------ Dataset extract
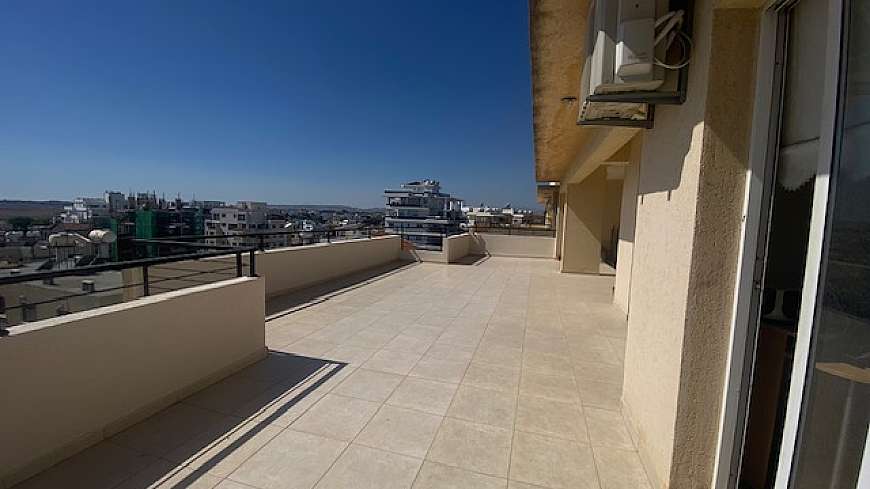 3 bdrm penthouse for rent/Dhrosia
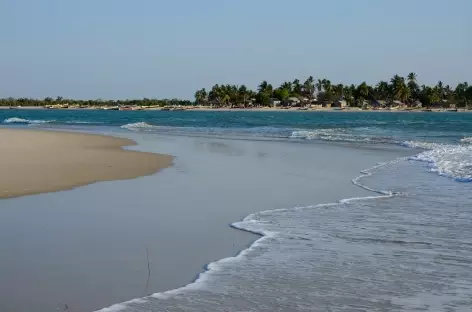 Plage sur la presqu'île de Nosy Kely, Morondava - Madagascar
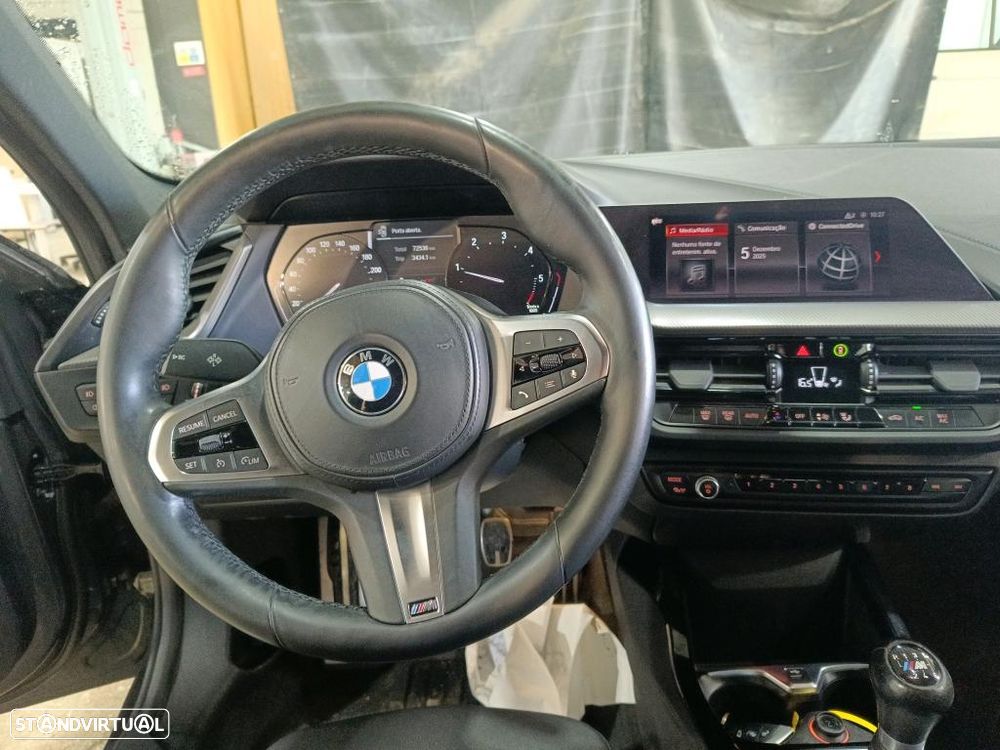 BMW 116 d Pack Desportivo M - 7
------------
_What to work on_: In your copy of the material, match every word exactly and include no pictures.

_Task answer_:
 3 bdrm penthouse for rent/Dhrosia
 Plage sur la presqu'île de Nosy Kely, Morondava - Madagascar
 BMW 116 d Pack Desportivo M - 7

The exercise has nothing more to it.